Just Do It
This week I read an article by Jeff Matlow titled “The Drowning Person Doesn’t Need A Lecture.”
Jeff points to “just” as one of the most overused and unhelpful words in the world of leadership. You would never tell a drowning person to “just” swim. By the same token, advice that tells leaders to “just” prioritize better, “just” delegate more, “just” have that difficult conversation—all of that is unhelpful and can make the recipient more frustrated than they were in the first place. If it were that easy, they would have done it!
The article got me thinking about the word “just” and all the different areas of life it affects. It crops up in our personal lives, and even in how we talk to ourselves.
Have you ever wished your partner would “just” be more reasonable or “just” stop with that annoying habit? Have you ever wished your child would “just” put in more effort? Have you ever berated yourself for not “just” getting over something?

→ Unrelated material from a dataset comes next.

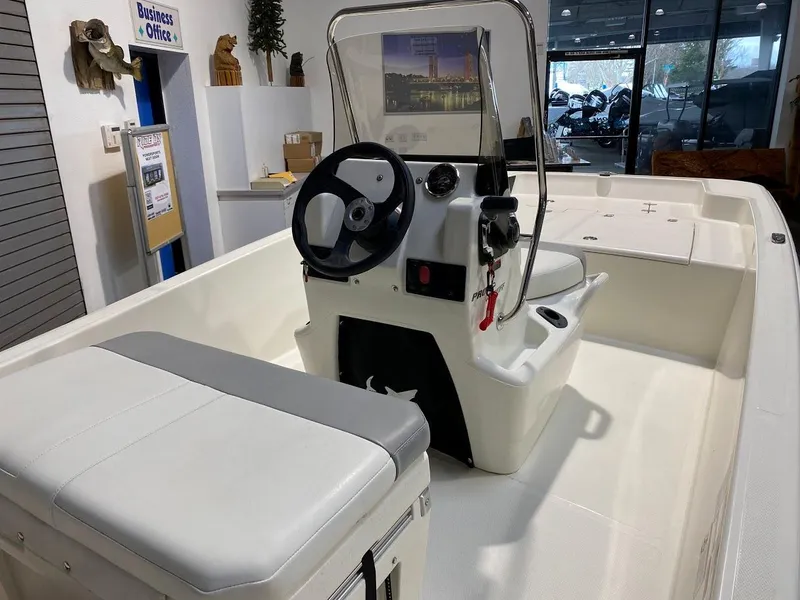 Slide: The Image of 2023 Mako Pro Skiff 15 CC boat interior with steering console and seating. - 3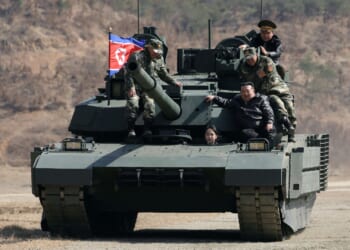 Grinning Kim Jong-un lets mini-me daughter drive TANK in matching leathers as he grooms teen to take on tyrannical reign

For me, this attitude is a side effect of a lack of mindfulness. Mindfulness asks us to pause, to be still, to be present, and to notice what’s around us. The “just” mindset is antithetical to that. It is a mode of closing off new inputs and moving on to the next thing. It takes us out of an empathetic relationship with the humans around us. Saying, “Do it that way, it’s easy!” is very different from sitting in discomfort with someone who is stuck or struggling.
What is the solution? To just stop saying “just”? Over the next week, see if you can identify a situation where the solution appears easy to you, so you find yourself frustrated another person won’t do what seems obvious to you. Notice the urge to say “just.” Instead, observe. Put yourself in their shoes. Find the space between listening and giving advice, then linger there past the point that you want to move on.
For me, this moment of mindfulness naturally opens a path of connection, and usually new and better solutions follow. See if the same happens for you.